Se però Grillo non se la sentisse di spingersi fino a tanto, al Movimento rimarrebbero comunque altri jolly da gettare sul tavolo. Luigi Di Maio si allena da anni a fare il premier. Composto, istituzionale e arrogante al punto giusto il vice presidente della Camera si sente già con un piede a Palazzo Chigi. Per farsi conoscere all’estero organizza incontri internazionali. Il più ambizioso: in primavera, negli Stati Uniti, quando proverà a stringere la mano a Donald Trump.
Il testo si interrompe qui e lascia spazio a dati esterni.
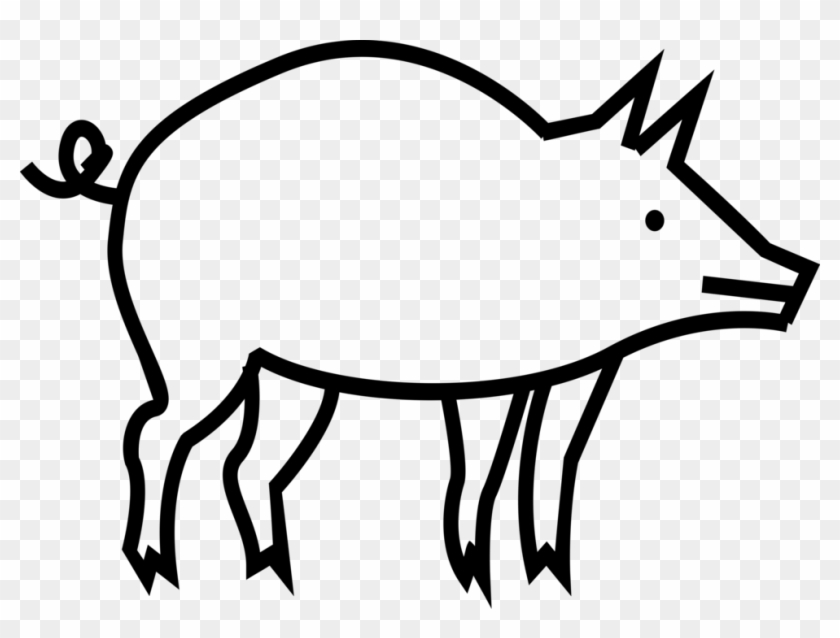 Vector Illustration Of Omnivore Domestic Pig Makes - Pig #388365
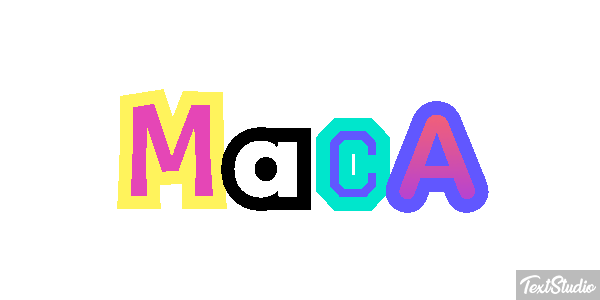 Maçã Efeito do texto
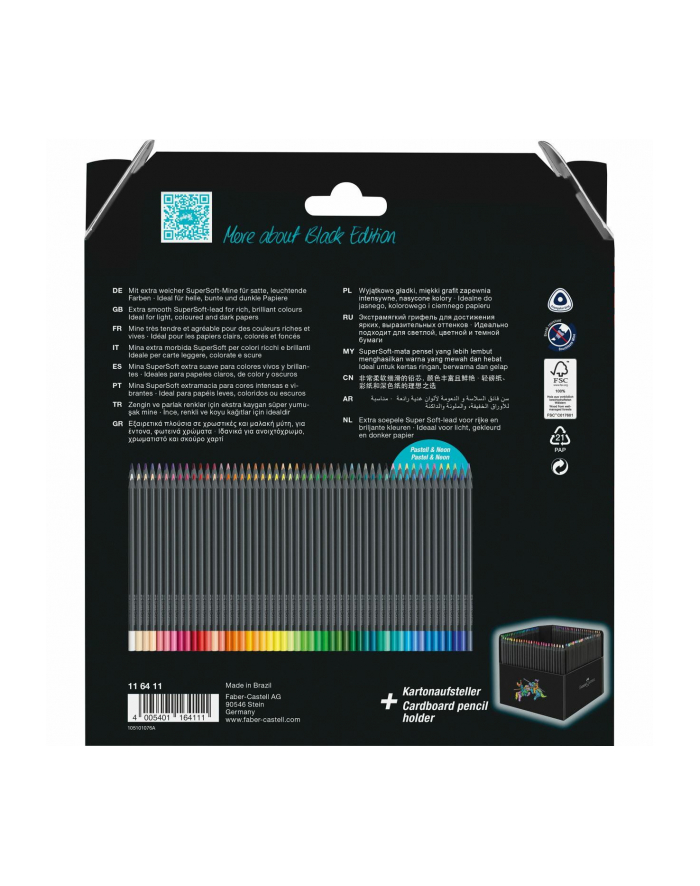 faber-castell Kredki tr?jk?tne Black Edition 100 kolor?w główny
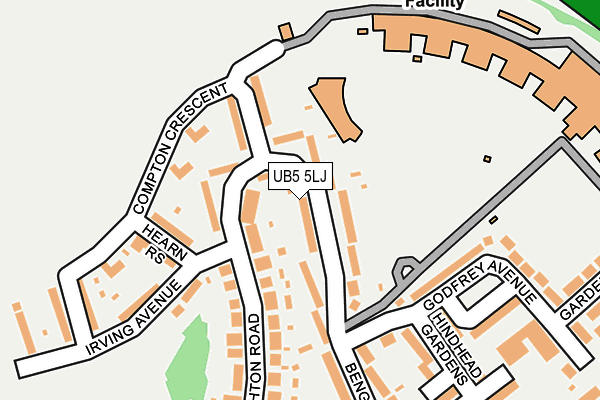UB5 5LJ map - OS OpenMap – Local (Ordnance Survey) UB5 5LJ map - OS OpenMap – Local (Ordnance Survey)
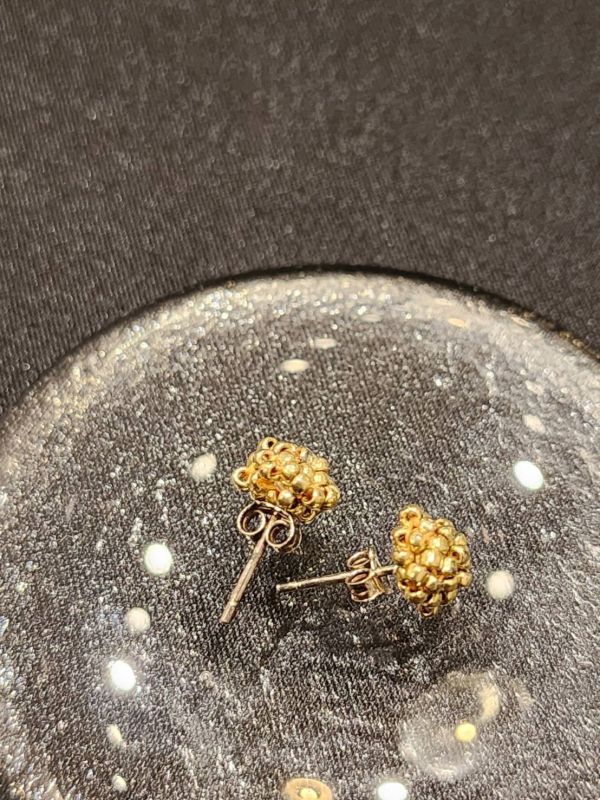 小不點編織耳環 流行飾品,上班族, 手作飾品,耳環,飾品,小耳環,單顆,彩色,編織飾品,玻璃飾品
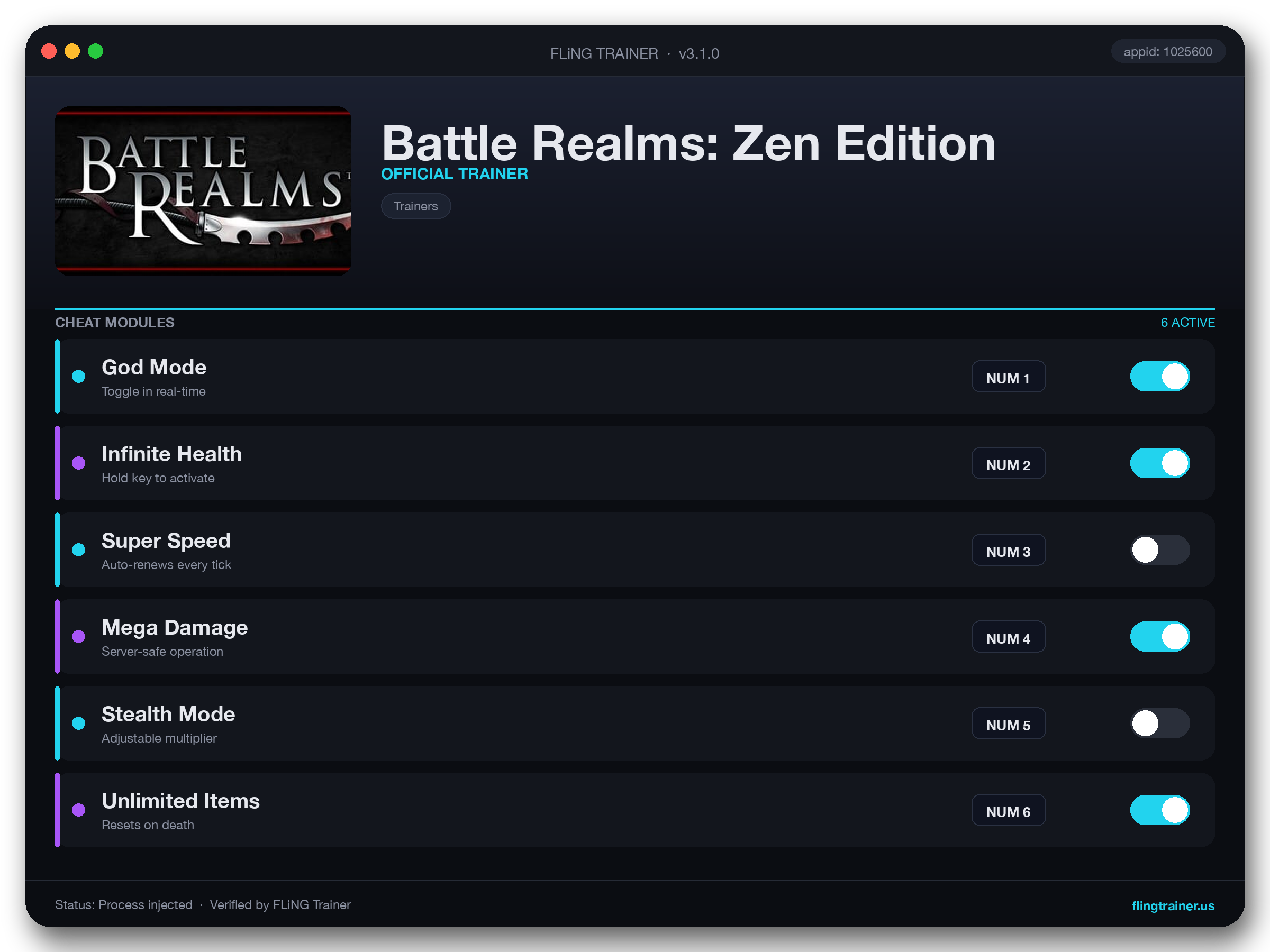 Battle Realms: Zen Edition Trainer interface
L’unico scoglio sul suo cammino - qualora lo Staff non decidesse di stopparlo prima - si chiama Roberto Fico: il grillino purista da sempre rivale del leader di Pomigliano.
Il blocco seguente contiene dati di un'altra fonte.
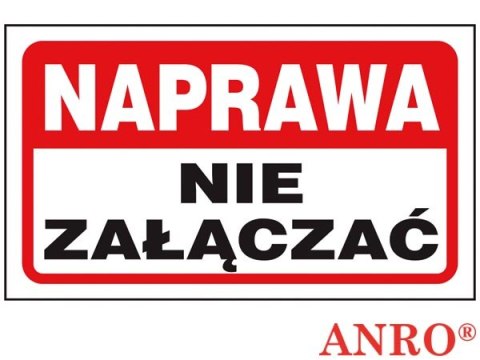 ZNAK BEZPIECZEŃSTWA ANRO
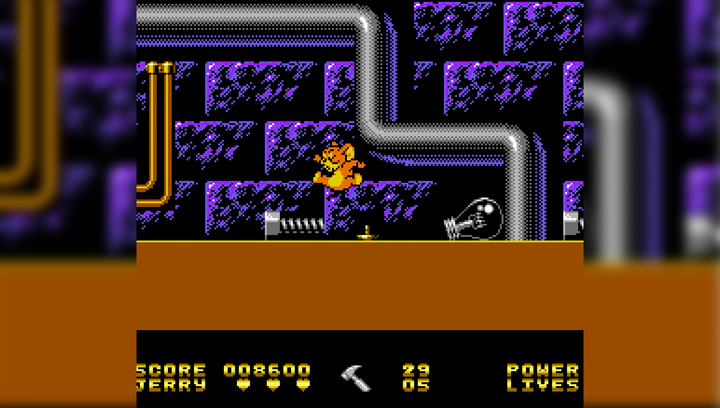 Сборник Игр RMC Famicom Dendy 4 in 1 NT8042 Tom & Jerry, Jungle Book, Ninja Cat, Chip & Dale 1 90х TV Game Английская Версия Только Картридж Б/У - изображение 2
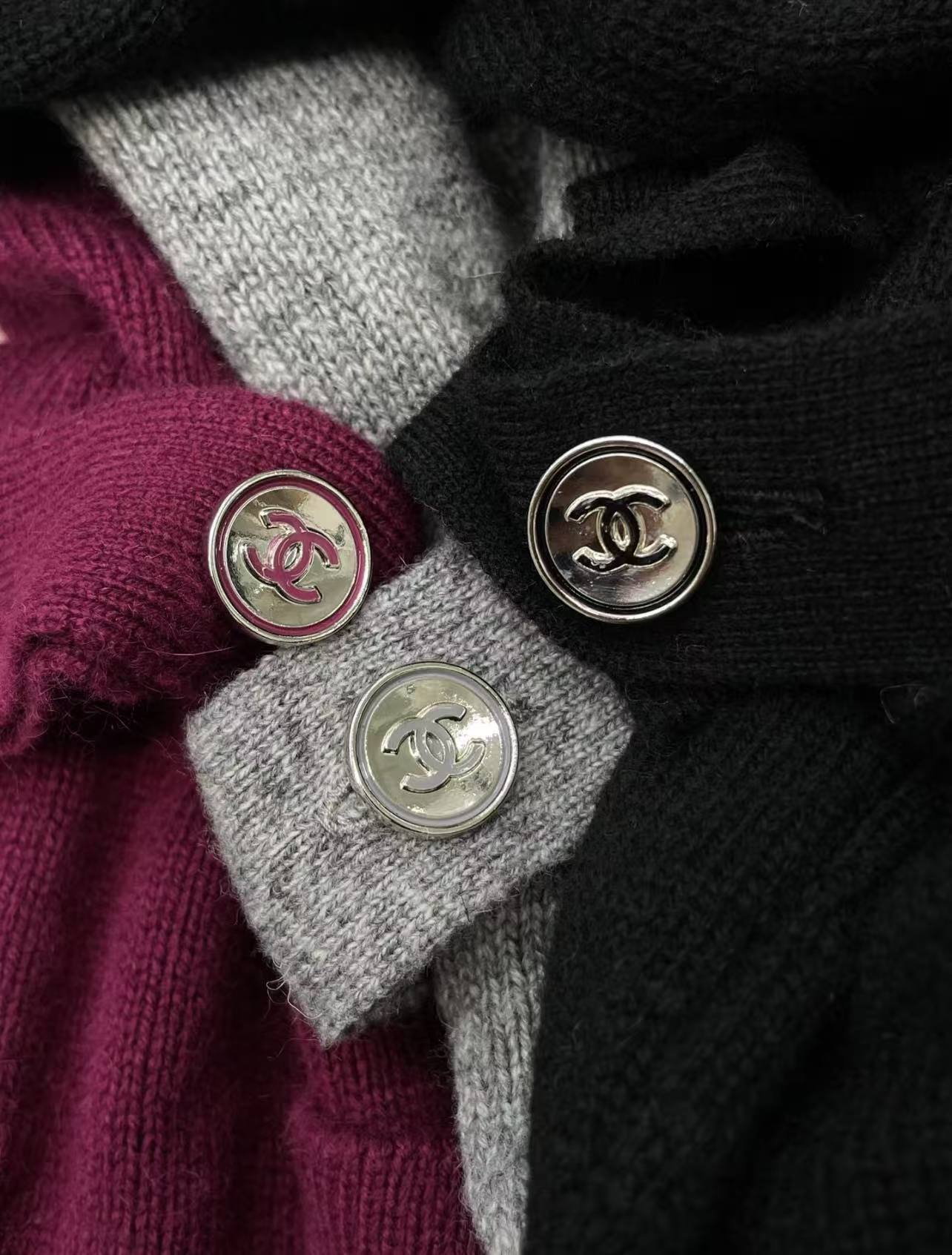 CC Metal button knitted cardigan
Non è escluso, però, che Grillo e Casaleggio optino per un “papa straniero”. I giovani parlamentari sono in gamba, sì, ma per il governo del Paese potrebbe servire una figura più autorevole. Il nome più gettonato nelle ultime settimane è stato quello di Pier Camillo Davigo, il magistrato di Mani Pulite che ha appena lasciato la guida dell’Anm. Difficile immaginare che l’integerrimo ex membro del pool accetti di lasciare la toga per sposare la causa pentastellata e presentarsi alle primarie sul Blog. Diverso sarebbe se, una volta vinte le elezioni, il Movimento 5 Stelle chiedesse al magistrato di assumersi l’onere della guida del Paese. Forse in quel caso, senza tessere di partito in tasca, anche Davigo accetterebbe.